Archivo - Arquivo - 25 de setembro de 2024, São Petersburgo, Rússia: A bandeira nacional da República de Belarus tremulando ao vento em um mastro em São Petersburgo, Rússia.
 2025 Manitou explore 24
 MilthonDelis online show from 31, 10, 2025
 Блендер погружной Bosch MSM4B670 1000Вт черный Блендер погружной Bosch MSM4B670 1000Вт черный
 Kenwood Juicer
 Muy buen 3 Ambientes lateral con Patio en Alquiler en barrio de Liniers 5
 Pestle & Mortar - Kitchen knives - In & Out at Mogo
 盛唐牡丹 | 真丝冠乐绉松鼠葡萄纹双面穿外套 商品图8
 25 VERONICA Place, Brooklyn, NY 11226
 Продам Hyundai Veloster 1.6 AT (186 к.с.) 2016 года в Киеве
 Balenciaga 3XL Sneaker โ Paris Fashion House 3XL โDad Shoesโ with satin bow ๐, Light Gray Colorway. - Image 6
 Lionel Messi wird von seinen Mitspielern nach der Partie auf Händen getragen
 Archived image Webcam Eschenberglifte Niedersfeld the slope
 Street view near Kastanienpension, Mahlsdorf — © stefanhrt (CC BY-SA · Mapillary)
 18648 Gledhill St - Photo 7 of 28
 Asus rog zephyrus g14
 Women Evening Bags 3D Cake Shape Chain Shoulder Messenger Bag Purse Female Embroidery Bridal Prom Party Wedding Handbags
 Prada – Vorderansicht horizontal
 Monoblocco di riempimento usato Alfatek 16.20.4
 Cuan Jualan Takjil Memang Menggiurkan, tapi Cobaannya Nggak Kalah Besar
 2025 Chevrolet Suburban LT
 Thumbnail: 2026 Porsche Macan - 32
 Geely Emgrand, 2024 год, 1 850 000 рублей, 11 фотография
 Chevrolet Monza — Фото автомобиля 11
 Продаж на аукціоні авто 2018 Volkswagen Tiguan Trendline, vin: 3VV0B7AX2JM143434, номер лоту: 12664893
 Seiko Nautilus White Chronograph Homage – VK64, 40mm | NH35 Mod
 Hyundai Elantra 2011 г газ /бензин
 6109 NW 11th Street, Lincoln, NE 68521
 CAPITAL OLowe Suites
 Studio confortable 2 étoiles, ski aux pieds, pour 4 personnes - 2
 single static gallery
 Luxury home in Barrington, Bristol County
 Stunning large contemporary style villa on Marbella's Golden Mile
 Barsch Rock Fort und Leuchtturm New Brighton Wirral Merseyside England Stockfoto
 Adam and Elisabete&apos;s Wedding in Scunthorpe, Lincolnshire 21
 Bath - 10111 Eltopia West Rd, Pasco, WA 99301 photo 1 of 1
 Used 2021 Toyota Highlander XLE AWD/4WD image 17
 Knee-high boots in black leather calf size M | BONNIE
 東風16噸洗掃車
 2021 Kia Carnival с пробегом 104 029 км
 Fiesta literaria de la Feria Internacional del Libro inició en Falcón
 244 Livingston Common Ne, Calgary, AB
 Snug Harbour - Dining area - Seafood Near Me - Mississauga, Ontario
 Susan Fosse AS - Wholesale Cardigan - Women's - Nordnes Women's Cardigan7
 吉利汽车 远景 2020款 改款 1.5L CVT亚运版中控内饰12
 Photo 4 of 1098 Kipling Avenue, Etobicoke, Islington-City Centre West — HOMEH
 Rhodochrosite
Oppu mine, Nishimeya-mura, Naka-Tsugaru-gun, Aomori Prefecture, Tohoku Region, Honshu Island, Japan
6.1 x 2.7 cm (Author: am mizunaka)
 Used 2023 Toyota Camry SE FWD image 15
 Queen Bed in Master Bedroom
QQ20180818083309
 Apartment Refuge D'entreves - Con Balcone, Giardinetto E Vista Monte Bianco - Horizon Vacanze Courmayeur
+-------+
Work task: Only those lines of the entries above that run from the line containing "25 VERONICA Place, Brooklyn, NY 11226" to the line containing "Asus rog zephyrus g14", both included, should be transcribed exactly.

Answer to this exercise:
 25 VERONICA Place, Brooklyn, NY 11226
 Продам Hyundai Veloster 1.6 AT (186 к.с.) 2016 года в Киеве
 Balenciaga 3XL Sneaker โ Paris Fashion House 3XL โDad Shoesโ with satin bow ๐, Light Gray Colorway. - Image 6
 Lionel Messi wird von seinen Mitspielern nach der Partie auf Händen getragen
 Archived image Webcam Eschenberglifte Niedersfeld the slope
 Street view near Kastanienpension, Mahlsdorf — © stefanhrt (CC BY-SA · Mapillary)
 18648 Gledhill St - Photo 7 of 28
 Asus rog zephyrus g14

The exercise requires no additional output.